Modal analysis is a set of mathematical techniques for determining the modal characteristics of a dynamical system. Modal analysis can be used to determine the resonant frequencies and vibration responses of a structure and is closely related to failure analysis. The technique often assumes a system to behave linearly as an approximation so that matrix algebra can be used, for which computers are especially well suited. This assumption turns out to be pretty good, in fact, as unperson points out, since stable equilibrium configurations correspond to local minima in potential energy, which can be approximated locally by parabolas, the hallmarks of the simple harmonic oscillator.
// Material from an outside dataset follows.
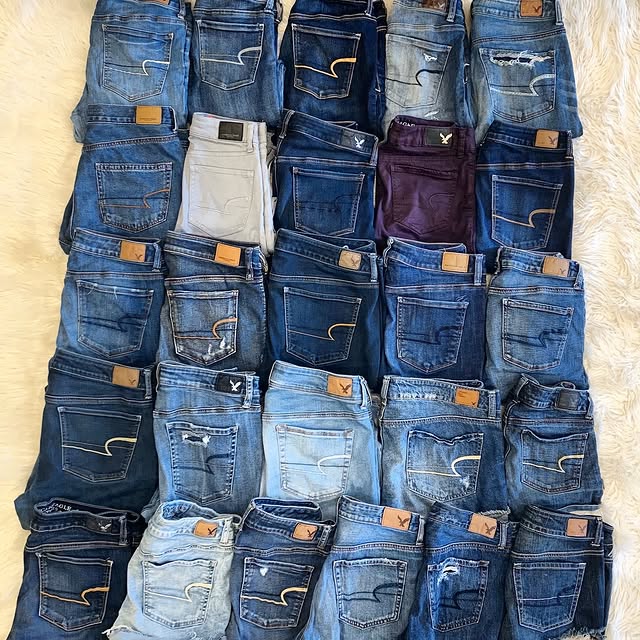 American Eagle Jeans Pallet – Wholesale Denim Jeans for Sale | 250 Authentic Pairs for Men & Women for $650 view 3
Consider three masses m_{1} = m, m_{2} = M, and m_{3} = m constrained to move along a single direction, say, the x axis, with m_{1} and m_{3} on either side of m_{2}. Now join m_{1} and m_{3} separately to m_{2} with two springs having spring constants equal to k. Let the three generalized coordinates of the masses be x_{1}, x_{2} and x_{3}, each of which are zero at the equilibrium positions of the masses.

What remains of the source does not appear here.